┌─ THE INPUT

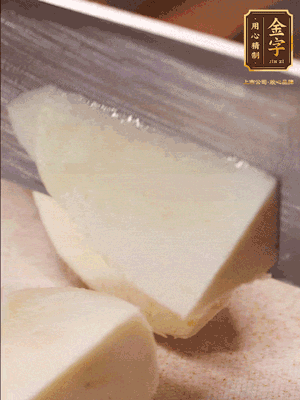 茭白去殼，底部一層老皮刨掉，切成滾刀塊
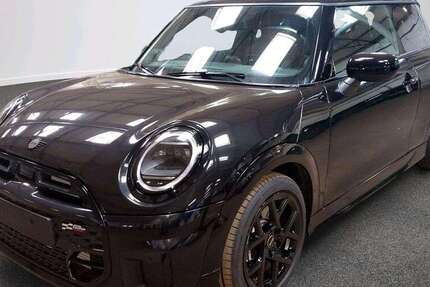 Mini Cooper C 3.459 km 31.967 &euro; München 80788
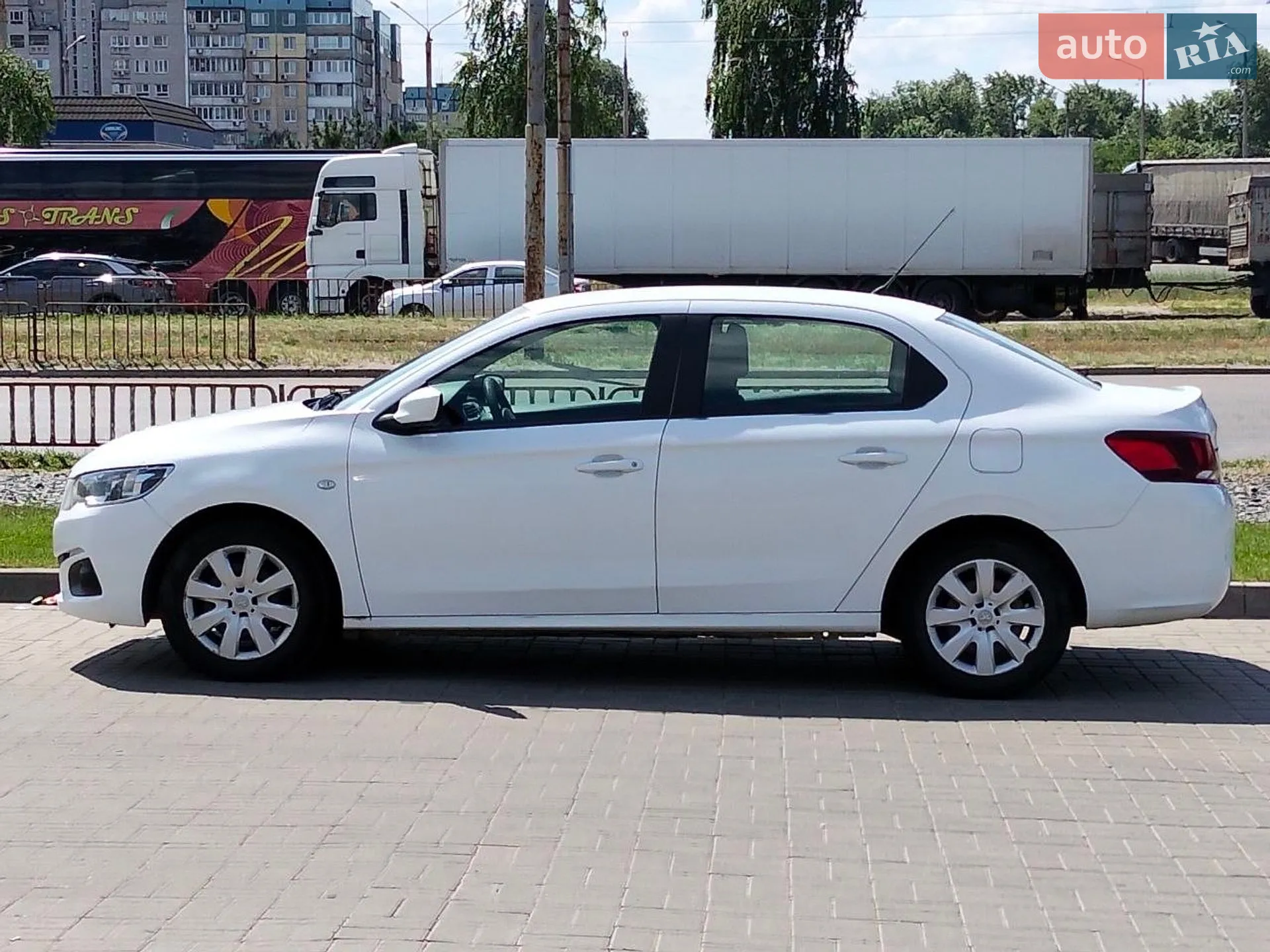 Peugeot 301 2017 VIN VF3DDHMZ6HJ598909 фото оголошення 8 з 18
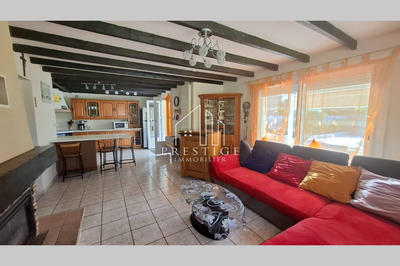 Maison - 96 m² - 4 pièces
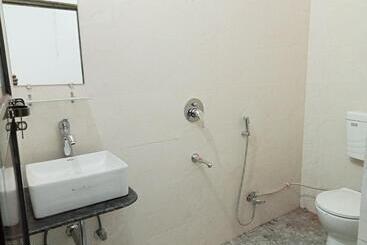 پانسیون 5 Petals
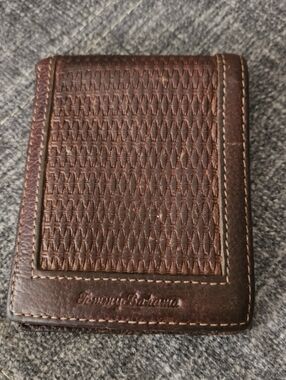 Tommy Bahama Brown Leather Bifold Wallet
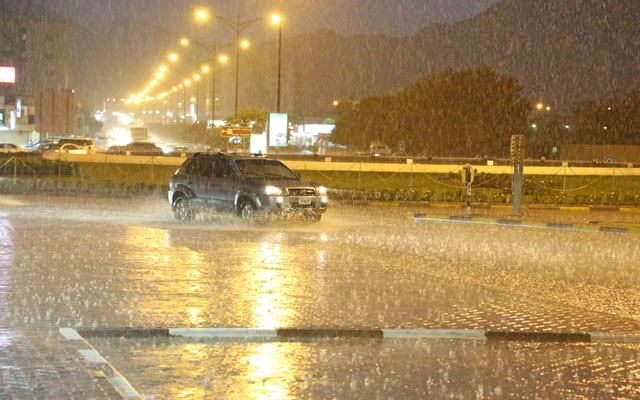 بالصور..أمطار غزيرة وصواعق رعدية على الساحل الشرقي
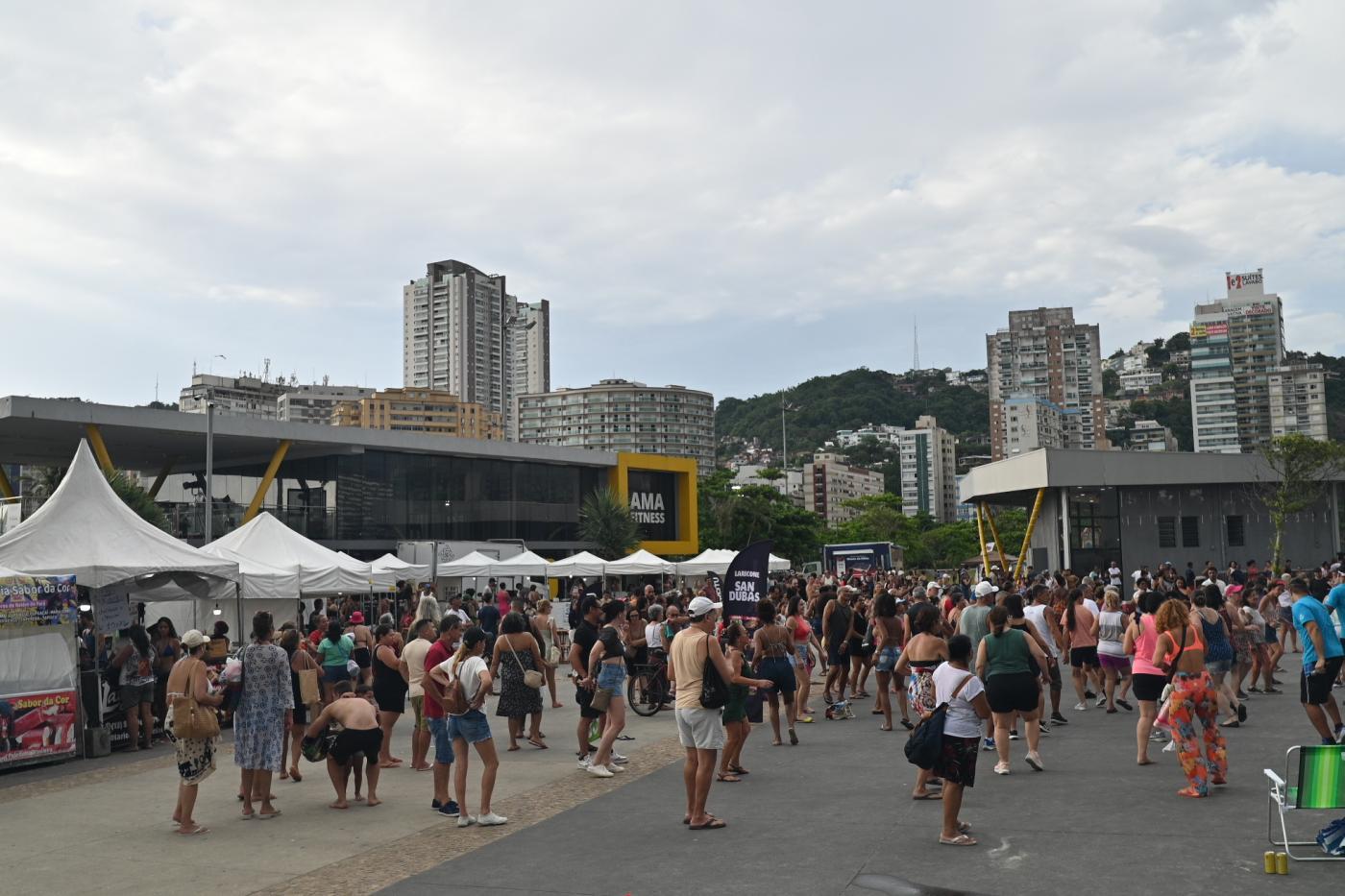 barracas de feira no novo quebra mar #paratodosverem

└─

▶ _ACTIVITY_
Every line above should be returned word for word, with the pictures left behind.

▶ _REPLY TO THE TASK_
 茭白去殼，底部一層老皮刨掉，切成滾刀塊
 Mini Cooper C 3.459 km 31.967 &euro; München 80788
 Peugeot 301 2017 VIN VF3DDHMZ6HJ598909 фото оголошення 8 з 18
 Maison - 96 m² - 4 pièces
 پانسیون 5 Petals
 Tommy Bahama Brown Leather Bifold Wallet
 بالصور..أمطار غزيرة وصواعق رعدية على الساحل الشرقي
 barracas de feira no novo quebra mar #paratodosverem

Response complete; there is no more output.